Waupaca Historical Society
Waupaca Historical Society
321 S. Main St., Waupaca, WI 54981

Yuletide Trail Tins Available Now!

Get your tin today before they are gone! The 2022 Yuletide Trail tins are now available at the Holly History and Genealogy Center, Community First Credit Union, Waupaca Area Chamber of Commerce and Northern Home. Tins are $20 each and all proceeds support the Waupaca Historical Society, thanks to a generous sponsorship by Community First Credit Union.


Then, bring your cookie tin to Waupaca's 4th annual Yuletide Trail on Saturday, December 3 from 10-4 to fill your tins! Twenty local businesses and organizations are participating in the cookie walk.


Don't forget to check out the other fun activities during Yuletide Trail. Stop at the City Square (in front of the Waupaca Area Public Library) and enjoy music from 10-2, fire pits with free smores, library storytime and family holiday folk music inside, coffee/hot chocolate from Aquamos to purchase, holiday craft with the Waupaca Community Arts Board, local history gifts with the Waupaca Historical Society, and free cider!


For more information on the event, visit Waupaca's 4th Annual Yuletide Trail on Facebook:  https://www.facebook.com/events/1813816975683959.

Take a Class This Winter with the Lost Arts Folk School!

Check out the great offerings this winter with the Lost Arts Folk School! If interested in signing up for a class, please call the Waupaca Historical Society at (715) 256-9980,  email director@waupacahistoricalsociety.org or stop in at the Holly History and Genealogy Center at 321 S. Main Street, Waupaca.

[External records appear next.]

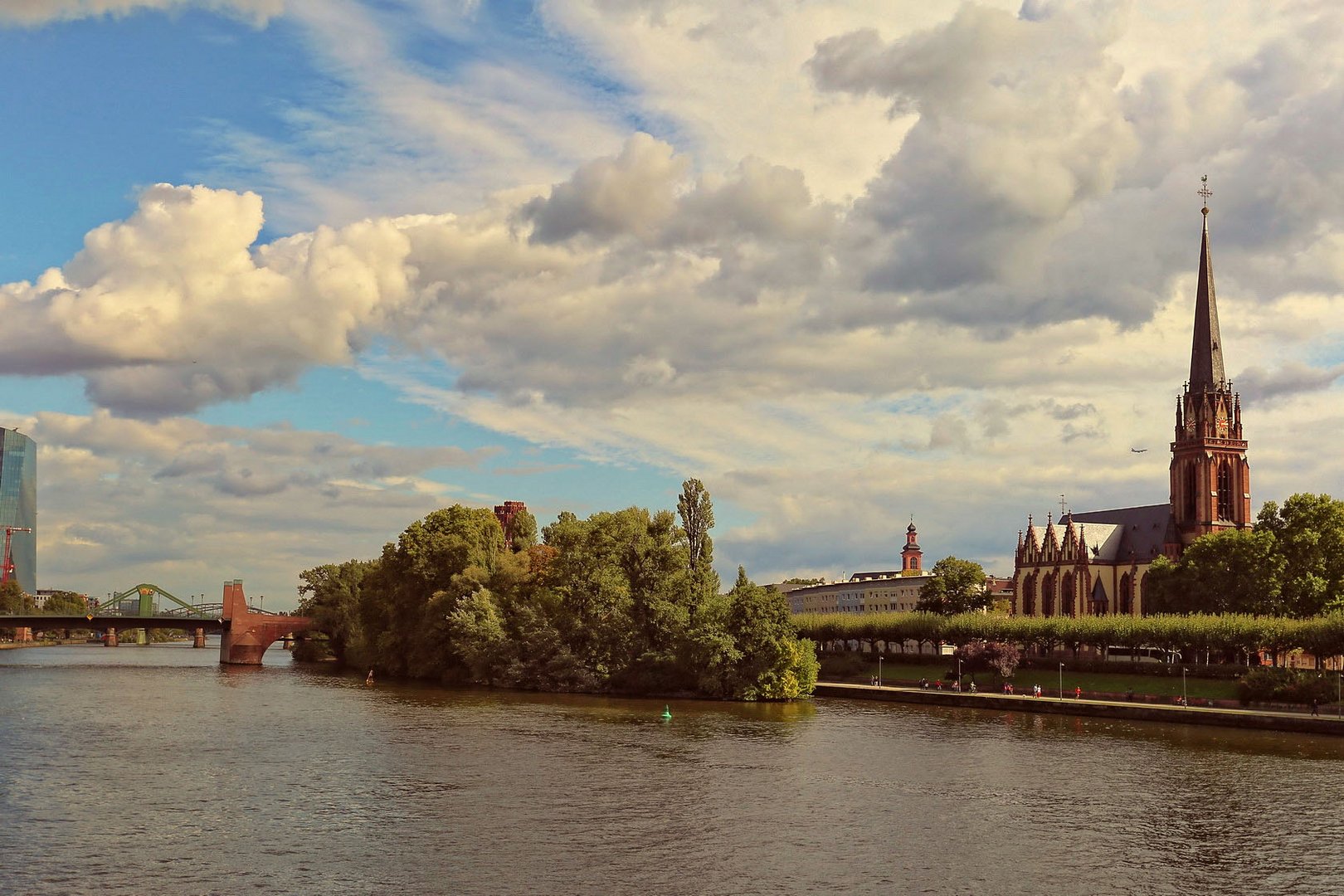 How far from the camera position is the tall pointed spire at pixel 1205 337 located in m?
192

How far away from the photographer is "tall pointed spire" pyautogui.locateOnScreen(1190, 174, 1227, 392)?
7579 inches

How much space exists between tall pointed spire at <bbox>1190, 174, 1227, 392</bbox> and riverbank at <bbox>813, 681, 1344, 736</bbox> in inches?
3843

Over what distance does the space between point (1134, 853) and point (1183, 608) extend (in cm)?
11238

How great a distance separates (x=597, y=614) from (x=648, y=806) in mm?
64875

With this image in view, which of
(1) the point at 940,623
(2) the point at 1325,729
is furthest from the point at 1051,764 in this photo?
(1) the point at 940,623

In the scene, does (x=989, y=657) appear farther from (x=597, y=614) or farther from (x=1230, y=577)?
(x=597, y=614)

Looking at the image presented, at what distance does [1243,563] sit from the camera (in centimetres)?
14025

  • “Making a Field Journal” will take place on Thurs., January 12 from 5 to 9 p.m. Students will make a unique leather-bound journal that is a one-of-a-kind piece of functional art. Teacher Susan Kennon will lead this class. The cost if $30, which includes all materials (at the Holly History and Genealogy Center).
  • On Sat., January 21, Barbara Johnson will help participants weave a special Valentine’s Day basket. This class is suitable for beginners and experienced weavers, and costs $35, which includes all materials. The class is limited to 12 participants (at the Holly History and Genealogy Center).
  • Make a hearth broom on Sat., February 11 from 9 a.m. to 5 p.m. The class costs $45 and is limited to 6 participants (at the Depot).
  • Again in March, Barbara Johnson will also lead a basket-weaving class on Thurs., March 16 from 5 to 9 p.m.  Participants will make a gardener’s basket, perfect for using in your garden to harvest vegetables and flowers. The cost is $35, and is limited to 12 participants (at the Holly History and Genealogy Center).

 
The Lost Arts Folk School was formed in 2022 as a committee of the Waupaca Historical Society. The mission of the Lost Arts Folk School is to bring multicultural participants together to develop and practice hands-on learning in a nurturing environment. We encourage skill-based learning of traditional arts and crafts in the same way our ancestors did. The Lost Arts Folk School's and the Waupaca Historical Society's missions both exist to “preserve the history of the Waupaca area and to share that history with others.”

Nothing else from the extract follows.